- Born: 1778
- Died: 15 October 1802 (aged 23–24)
- Spouse: Sanite Belair
- Relatives: Toussaint Louverture
- Allegiance: Spain France Haiti
- Branch: Spanish Royal Army French Revolutionary Army Indigenous Army
- Service years: 1791–1802
- Rank: Brigadier general
- Conflicts: Haitian Revolution

= Charles Bélair =

Haitian revolutionary (1778–1802)

Charles Bélair (1778 – 15 October 1802) was an aide-de-camp and close lieutenant of Toussaint Louverture during the Haitian Revolution. Bélair began his military career in the service of Spanish royalists under the command of Georges Biassou, later defecting to the French and eventually reaching the rank of Brigadier general and serving as Commandant of l'Arcahaie in the Haitian Revolutionary Army. He was also a nephew of Toussaint Louverture.
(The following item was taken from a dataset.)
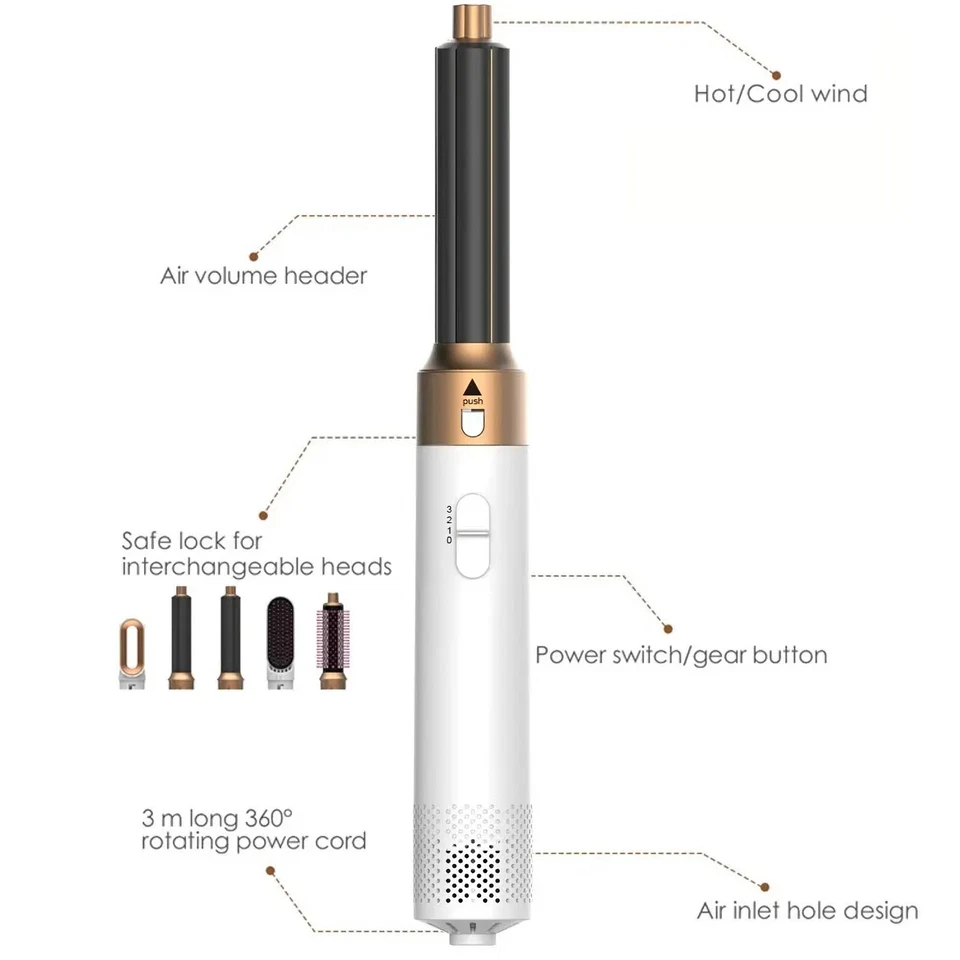 Multistyler Warmluftbürste Lockenstab Glätteisen 5in1 Haarstyler Set Heißluft - Bild 2 von 4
In 1796, he married Sanite Belair.

== Haitian Revolution ==
Bélair first enters the historical record on December 25, 1791, a few months after the events of August 22, when, along with his commander Biassou, he signed a letter of high political significance addressed to the abee de Lahaye. In the summer of 1794, he abandoned Biassou and the Spanish and followed Toussaint into the service of France. With the organization of the troops into demi-brigades in the spring of 1795, he was integrated into a battalion of the 7th Demi-Brigade, eventually becoming its leader, replacing Desrouleaux. During the War of the South, which he waged without excess of zeal, he remained in this post until the campaign in the East. Promoted to brigadier general in January 1801, he retained command of the port of Arcahaie. With the landing of General Leclerc's expeditionary forces, Bélair remained loyal to Louverture and took a defensive posture. As General Boudet's troops approached Arcahaie in February 1802, Bélair collected the funds from the public treasury as well part of the population, set fire to the city and withdrew to the neighboring mountains of Les Matheux. After the fall of Crête-à-Pierrot at the end of March, Bélair fell back into the interior of the country to the mountains around Cahos. This put Belair in a defensive position immediately adjacent to the Cordon de l'Ouest, Louverture's original stronghold centered around Ennnery. At the time of his submission, on May 6, Toussaint Louverture obtained from Captain General Leclerc pardon for three of his generals: Dessalines, Vernet and Bélair. On May 26, Bélair, now under the command of Lerclerc, was transferred from his post as commander of Arcahaie to Verrettes, where he settled on one of his properties.

== Capture and execution ==
The news of the arrest and deportation of Toussaint on June 11 moved Bélair into rebellion. On August 22, 1802 he went to Arcahaie and raised the banner of revolt, later occupying the heights of the Artibonites with his command of troops who had just so recently laid down their arms and passed into French service. Leclerc sent Dessalines (whom Bélair had accused of betraying his benefactor, Louverture) against him. To force Bélair to surrender, disloyal means were used and his family was imprisoned. After learning of the arrest of his wife and mother, Bélair left his hiding place; he was arrested and delivered to Leclerc. The latter formed a commission to judge him, made up of General Charles Dugua, as president, and brigadier generals Clerveaux and Duverseau. Bélair was found guilty and condemned and, on October 15, 1802, he died by firing squad, followed immediately by his wife Sanité.

== Legacy ==

The high school in Arcahaie, which until then had been named François Duvalier, became the Charles Bélair high school in 1986.